Dentro quel fortino c’era un mondo, difficile da intuire e da vedere. L’illuminazione era scarsa e l’occhio finiva per cadere sui riflessi opachi di uno specchio macchiato dall’umi-
dità. Appoggiato alla superficie c’era un biglietto con una frase scritta a mano.
Walter teneva molto alla sua disciplina mentale, e non voleva rischiare di montarsi la testa.
Fuori c’era un mondo, c’è ancora. Decine di persone al lavoro. Donne e uomini dalle origini più disparate che aprono e chiudono sacchi di plastica colmi di lattine e bottiglie vuote, che spostano carrelli, che contano e dividono per tipologia e marca i pezzi della loro raccolta. Sono i canner, persone che battono le strade di New York per chilometri, spingendo carrelli della spesa, con un solo obiettivo: raccattare il maggior numero possibile di lattine e bottiglie da scambiare per cinque centesimi al pezzo. Il loro instancabile lavoro ha trasformato un programma di vuoto a rendere nato negli anni
Ottanta per incentivare il riciclo in un sistema di welfare informale per migliaia di persone che vivono in povertà. Perché nella città verticale, quella dei grattacieli e dei rooftop, cinque centesimi non sono niente. Per acquistare un caffè da passeggio si spende in media cento volte tanto. Ma nella città orizzontale dei canner, la città che si muove sui marciapiedi e negli scantinati, cinque centesimi sono cinque
centesimi, sono qualcosa. E la strada diventa una miniera inesauribile.
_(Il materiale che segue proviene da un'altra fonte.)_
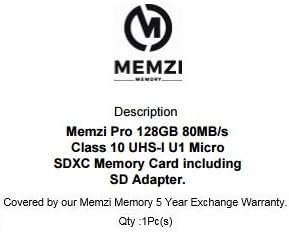 MEMZI PRO 128gb Класа 10 80MB / s Микро SDXC Мемориска Картичка СО SD Адаптер ЗА HTC Болт Мобилни Телефони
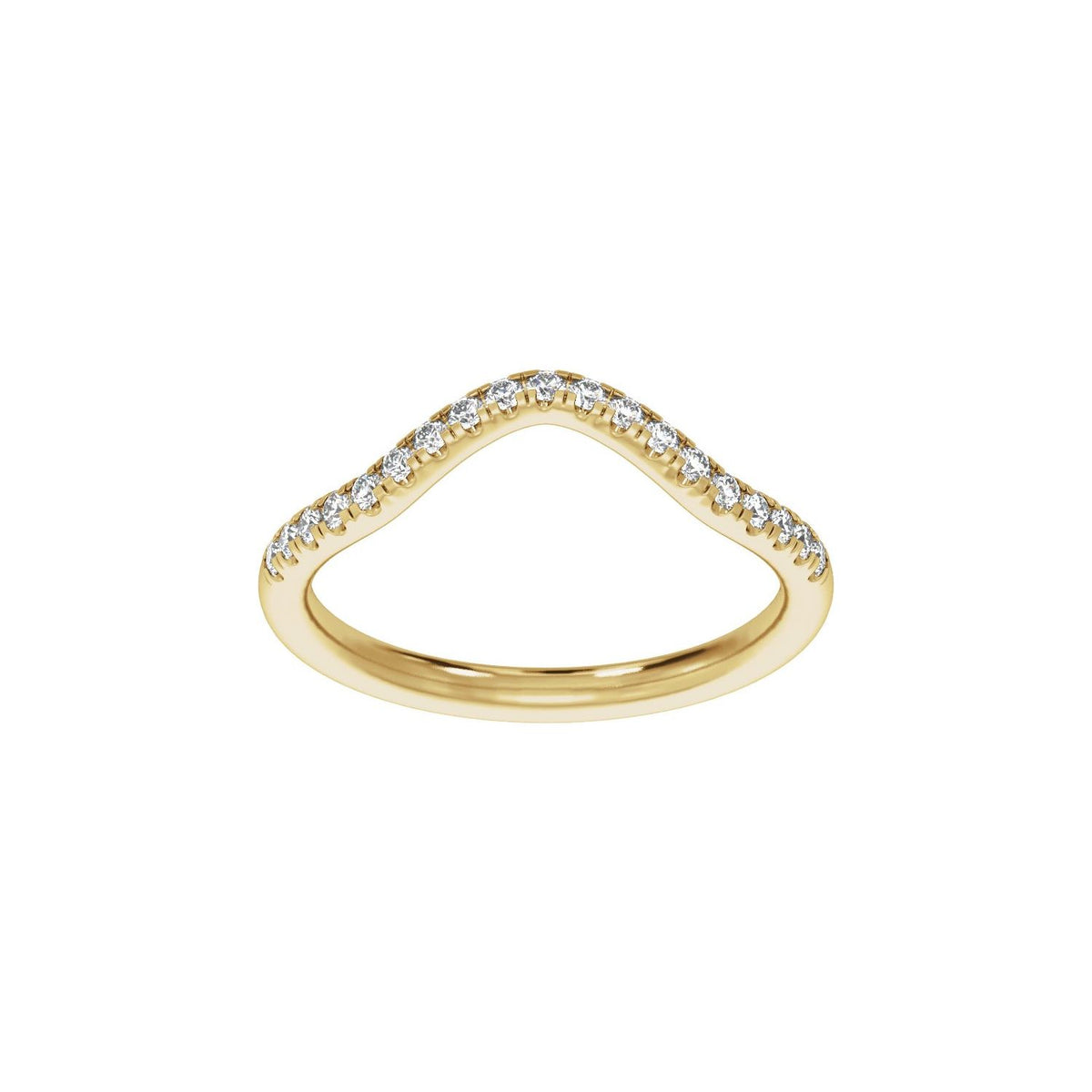 1/4 CTW Lab-Grown Diamond Band, 5 mm, Claw-Prong Three-Stone Engagement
L’hangar dove lavorava Walter è in uno dei tanti redemption center, i punti di raccolta di bottiglie e lattine di New York. Si trova a Brooklyn, nel mezzo di un lotto non edificato. Le strutture principali sono mobili, per lo più container usati come magazzini dove stoccare lattine e bottiglie pronte per essere ritirate e riciclate. Uno dei container ospita l’ufficio amministrativo. Qui i canner dichiarano quanto hanno raccolto ed escono con qualche dollaro in tasca. Alcuni con pochi dollari, altri con molti dollari. Dipende. Salute fisica, forza, determinazione, professionalità, fortuna, contatti giusti. Tutto ha un peso.
Walter non si poteva definire un vero e proprio canner perché non raccoglieva contenitori vuoti per strada. Era la persona incaricata di contare le bottiglie di bibite portate dagli altri. Solo quelle di plastica. Un collega del centro si occupava del vetro, un’altra delle lattine, e così via.